Perempuan dan Penanya
Bagaimanapun penulis perempuan bukan penulis laki-laki. Hanya ada sedikit tangan yang sudi membantunya tetap berdiri dan lebih sedikit kesempatan yang diberikan kepadanya untuk membuktikan diri.
”Dia yang memegang pena adalah dia yang menulis sejarah,” ajar seorang penulis terkenal, Willy, kepada istrinya, di awal masa perkenalan perempuan itu pada dunia literasi. Siapa sangka, puluhan tahun kemudian, nama sang istri benar tercatat dalam sejarah kesusastraan Perancis mengalahkan Willy.

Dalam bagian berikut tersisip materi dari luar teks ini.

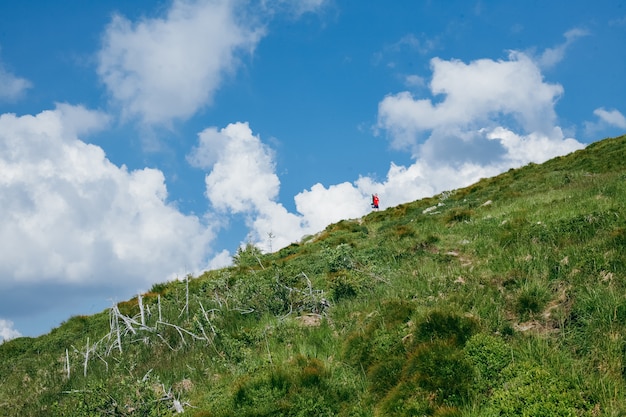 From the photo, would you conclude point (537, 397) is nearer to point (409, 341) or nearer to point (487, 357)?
point (487, 357)

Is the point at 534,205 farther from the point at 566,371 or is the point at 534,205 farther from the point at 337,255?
the point at 566,371

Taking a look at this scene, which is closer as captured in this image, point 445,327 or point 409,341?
point 445,327

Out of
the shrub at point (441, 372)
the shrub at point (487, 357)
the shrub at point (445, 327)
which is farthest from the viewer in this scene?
the shrub at point (445, 327)

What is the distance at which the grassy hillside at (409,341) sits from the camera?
6.22 meters

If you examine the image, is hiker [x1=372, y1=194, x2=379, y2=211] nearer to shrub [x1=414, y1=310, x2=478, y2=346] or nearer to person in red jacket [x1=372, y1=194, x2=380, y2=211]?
person in red jacket [x1=372, y1=194, x2=380, y2=211]

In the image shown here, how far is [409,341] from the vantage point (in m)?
7.59

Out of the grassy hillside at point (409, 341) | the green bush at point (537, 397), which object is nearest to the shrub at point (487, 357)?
the grassy hillside at point (409, 341)

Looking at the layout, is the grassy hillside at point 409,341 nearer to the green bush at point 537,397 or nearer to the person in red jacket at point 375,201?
the green bush at point 537,397

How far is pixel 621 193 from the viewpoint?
45.5 feet

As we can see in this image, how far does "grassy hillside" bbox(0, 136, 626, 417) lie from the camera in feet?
20.4

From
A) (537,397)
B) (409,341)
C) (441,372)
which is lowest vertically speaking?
(537,397)

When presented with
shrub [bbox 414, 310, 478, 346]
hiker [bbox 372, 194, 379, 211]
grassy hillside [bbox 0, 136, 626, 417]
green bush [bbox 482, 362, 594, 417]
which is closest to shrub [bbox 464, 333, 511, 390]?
grassy hillside [bbox 0, 136, 626, 417]

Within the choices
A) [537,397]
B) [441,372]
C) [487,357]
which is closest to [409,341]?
[441,372]

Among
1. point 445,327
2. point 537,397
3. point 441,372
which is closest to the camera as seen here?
point 537,397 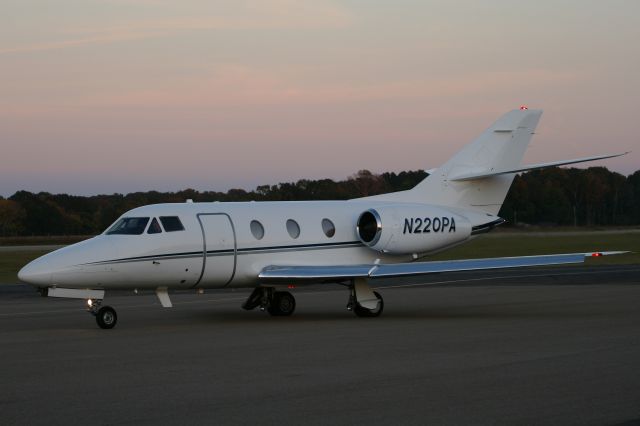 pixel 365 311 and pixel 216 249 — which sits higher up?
pixel 216 249

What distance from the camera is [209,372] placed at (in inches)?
499

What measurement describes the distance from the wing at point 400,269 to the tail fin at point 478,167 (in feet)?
12.3

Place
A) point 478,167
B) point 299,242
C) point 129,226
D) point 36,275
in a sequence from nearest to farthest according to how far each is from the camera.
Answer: point 36,275 → point 129,226 → point 299,242 → point 478,167

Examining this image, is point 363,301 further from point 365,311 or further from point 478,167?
point 478,167

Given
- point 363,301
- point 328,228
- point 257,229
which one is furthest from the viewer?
point 328,228

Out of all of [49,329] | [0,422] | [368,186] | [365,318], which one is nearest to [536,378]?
[0,422]

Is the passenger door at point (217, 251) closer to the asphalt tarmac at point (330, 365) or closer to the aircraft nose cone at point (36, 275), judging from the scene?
the asphalt tarmac at point (330, 365)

Sidonie-Gabrielle Colette adalah salah satu penulis perempuan yang paling berpengaruh dalam kesusastraan Perancis. Sebagai perempuan yang mulai berkarya jelang akhir abad XIX, tidak mudah baginya memasuki dunia sastra yang patriarkal. Tekanan dan cemooh sudah menerpanya sejak dari rumah.
Oleh sang suami, novel serial karya perdana Colette diterbitkan atas nama lelaki itu. Mereka pun bercerai. Patah arang sebagai penulis, Colette menemukan tempat di atas panggung pantomim, tetapi ternyata itu tidak membuatnya merasa lebih hidup. Akhirnya, Colette kembali memegang pena dan menyadari bahwa lewat menulis dia menemukan kembali suara dan kekuatannya.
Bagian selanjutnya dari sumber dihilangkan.